Neal Stephenson’s third novel, Snow Crash made him a writer to read. An often hilarious successor to the cyberpunk novels of the 1980s, it finally receives its Bureau review.
Title: Snow Crash
Author: Neal Stephenson
Original Publication Date: June 1992
In the far distant future– some time between 1999 and 2004— western society and institutions have splintered into franchulates and gated burbclaves, and the internet has been succeeded by the metaverse, a shared virtual world into which people can jack. Both real and virtual worlds face a threat: “snow crash,” which seems to be both a dangerous drug and a virulent computer virus that affects human hackers. At the core of this mystery: an ancient secret involving human consciousness and the development of language, religion, and culture.
Hiro Protagonist, freelance hacker and Mafia pizza-deliverer and Y.T., skate kid Kourier, must join forces to try to prevent Infocalypse.
The Nipponese businessman lies cut in segments on The Black Sun’s floor. Surprisingly (he looks so real when he’s in one piece), no flesh, blood, or organs are visible through the new crosssections that Hiro’s sword made through the body. He is nothing more than a thin shell of epidermis, an incredibly complex inflatable doll. But the air does not rush out of him, he fails to collapse, and you can look into the aperture of a sword cut and see, instead of bones and meat, the back of the skin on the other side.
It breaks the metaphor. The avatar is not acting like a real body. I t reminds all The Black Sun’s patrons that they are living in a fantasy world. People hate to be reminded of that.

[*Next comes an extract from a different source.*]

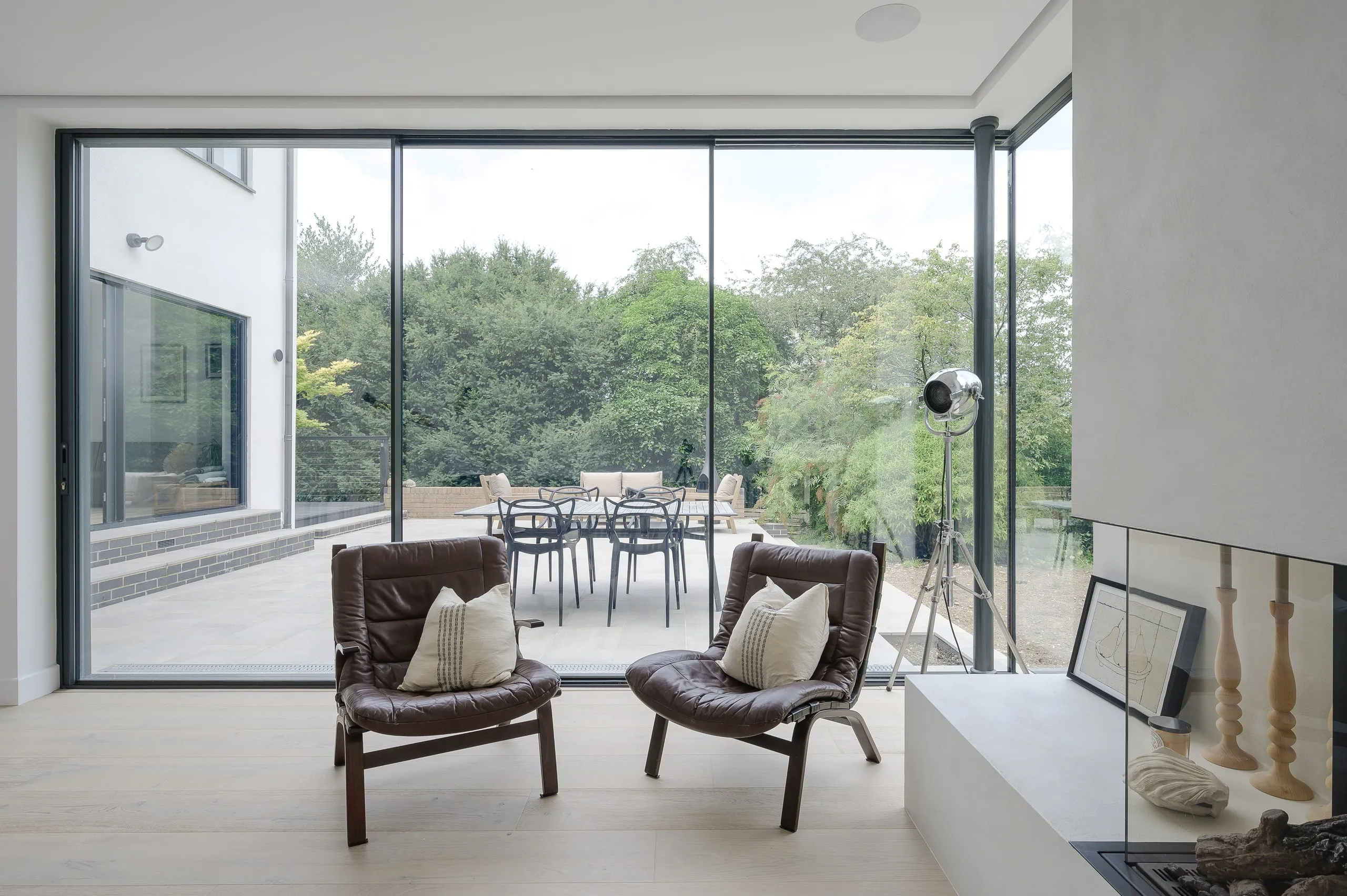 Leather chairs by full-height glazing in the living room, looking out to the terrace, 1960s house, Haslemere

….The creators of the Metaverse had not been morbid enough to foresee a demand for this kind of thing. But the whole point of a sword fight is to cut someone up and kill them. So Hiro had to kludge something together, in order that the Metaverse would not, over time, become littered with inert, dismembered Avatars that never decayed (102)
1. The descriptions and uses of the Metaverse— the Internet with significant upgrades. Stephenson has figured out exactly how things function there, and he uses his hypothetical protocols as part of the plot.

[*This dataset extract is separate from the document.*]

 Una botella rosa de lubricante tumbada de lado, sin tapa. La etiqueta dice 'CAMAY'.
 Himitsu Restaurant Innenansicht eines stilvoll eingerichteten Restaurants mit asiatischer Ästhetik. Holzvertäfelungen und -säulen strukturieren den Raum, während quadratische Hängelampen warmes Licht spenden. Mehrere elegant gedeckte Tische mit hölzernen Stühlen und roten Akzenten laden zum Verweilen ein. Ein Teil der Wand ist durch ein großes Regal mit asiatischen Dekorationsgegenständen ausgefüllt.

2. The interplay between Y.T. and the secondary characters, particularly Uncle Enzo and Fisheye.
3. The humor and satire. You may find some of the satire unfair but, as Garry Trudeau once said, it’s a satirist’s job to be unfair.

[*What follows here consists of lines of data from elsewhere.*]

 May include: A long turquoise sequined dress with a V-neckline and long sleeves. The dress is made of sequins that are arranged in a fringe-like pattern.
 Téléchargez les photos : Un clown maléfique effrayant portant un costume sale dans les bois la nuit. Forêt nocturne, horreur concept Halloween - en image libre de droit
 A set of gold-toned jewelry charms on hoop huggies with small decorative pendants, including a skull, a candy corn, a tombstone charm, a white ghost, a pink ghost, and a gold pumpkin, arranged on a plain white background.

1. I concede I’m picking at a nit, here; all SF eventually becomes alternate history. However, I wonder about Stephenson’s decision to set Snow Crash in a near future which we’ve now passed. Hiro Protagonist was born in the early 1970s, and specific events from the 20th century affect the plot. Clearly, we’re in the late 1990s or early 2000s. Surely, the kind and degree of changes he envisioned must have seemed far-fetched even from the perspective of 1988-1991, when Stephenson wrote the novel. Why not set it further in the future?
2. A recurring problem in Stephenson’s work is the use of concepts which require mountains of explanation. This inevitably takes the form of lengthy expository dialogue during which characters ask exactly the correct question or (occasionally) comment on matters that seem outside their scope.
Fido comes out of his doggie house, curls his long legs beneath him, and jumps over the fence around the yard before he has remembered that he is not capable of jumping over it. This contradiction is lost on him, though; as a dog, introspection is not one of his strong points.
Story: 5/6 I must applaud Stephenson for developing a story that involves Sumerian mythology, religious and linguistic history, cyberpunk conventions, political satire, and video-game-style action, and remains perfectly coherent.
Originality: 5/6. After we pass through the wonder and wit, however, the plot comes down to the heroes battling obstacles in order to (a) get the Supreme McGuffin which will end the villain’s Nefarious Plot and (b) defeat a particularly difficult baddie in personal combat.
Characterization: 5/6. Most of the characters prove memorable, though few are truly layered. Such characterization is, however, not unusual in satiric works.
He also deserves points for giving us the Rat Thing’s point of view, and making the creatures sympathetic.
Imagery: 6/6 Stephenson initially envisioned this story as a computer-generated graphic novel. He has written a highly visual book, with many memorable images.
And it would still make a good graphic novel or movie. The problem with the latter is you’d need to make it a mini-series, with each ep having a budget roughly the equivalent of Jackson’s Lord of the Rings films.
Emotional Response: 5/6 Engaging and often hilarious.
Overall Score: 6/6. Snow Crash kept my attention. Indeed, enough people responded positively to it that it made Stephenson’s career, and I personally prefer it to his more recent, lengthy historical works.
In total, Snow Crash receives 37/42
I wondered about this as a Low Point, but I think it works best as a point of additional discussion. Y.T., the 15-year-old Kourier, would have experienced things that the average girl her age has not, and have a perspective to match. And certainly, 15-year-olds there are with extensive worldly experience, considerable sexual history, or who actually are jaded—as opposed to the typical jaded teen, who is merely an annoying poseur.
That said, I don’t buy her attitude in the sex scene. It feels too much like what one would expect from an experienced thirty-year-old rather than a young teen, even a sexually experienced teen.